Img_0033jpg2 操作する館長の先輩


 この日は使い方をすっかり忘れてしまった館長のために、職場で先輩だった方がもう一度思い出させてくれました。館長も若かりし頃、数年の間この計算機のお世話になったそうです。一人一台パソコンの現在とは大違い、各課に1台か2台しかないので、順番待ちで使うしかなく、仕事の期限に間に合わせるためには徹夜をしなければならないこともあったようです。

 この計算機は1970年頃には電卓に取って代わられ、あっという間に世の中から姿を消しました。

 そんな話を聞いたすぐ後、自分も使った懐かしい物があると声をかけてくれた方がいました。終戦の直前、立川の「中島飛行機」にいたという方です。まだ十代でしたので、技術将校や大学出の技術者の下で使い走りのようなことをしていたけれど、たまには計算尺や手回し計算機で計算の仕事をまかされることもあったそうです。

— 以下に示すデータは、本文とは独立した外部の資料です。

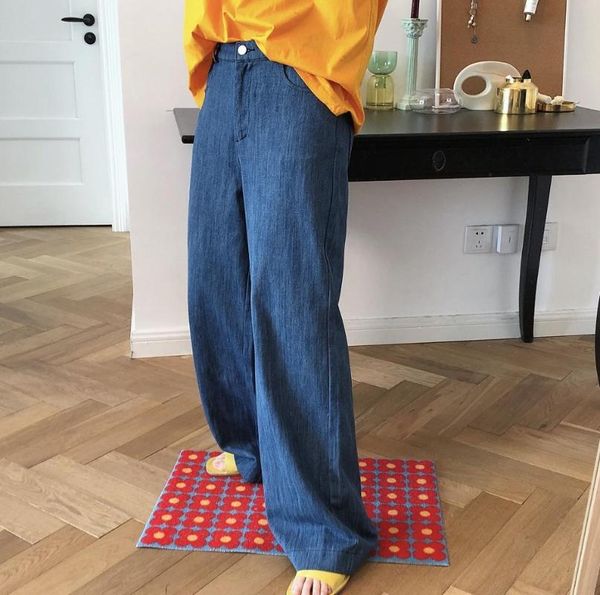 

obrix loose type high waist casual style denim color female soft light jeans, Blue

 技術者としては性能の良い飛行機を設計したいのはやまやまでしたが、そんな贅沢な飛行機は作らせてもらえず、ブリキや布で、「キ-115 剣」 という飛行機を作らされたそうです。飛行機はゼロ戦でも4トンあるのに、1トンという軽さです。リベットも細かくは打たず、2cmおきくらいに打ち、飛び立てばガタガタいっていつ壊れてもおかしくない飛行機だったそうです。しかも飛び立ったあと、車輪は落としてしまうというのです。結局実践には使われず終戦となったそうです。

 後で調べてみると、小型爆撃機として作られたらしいのですが、特攻機として名前が知られているようです。落とした車輪はまた別の機体につけて使うのだそうです。機体はアメリカの航空宇宙博物館で公開されていて、日本にもあるようですが非公開だそうです。

 こんなふうに実際に使った方の証言は大歓迎です。ぜひ資料館を訪れた際には思い出を語ってください。お話をうかがえるのを楽しみにしています。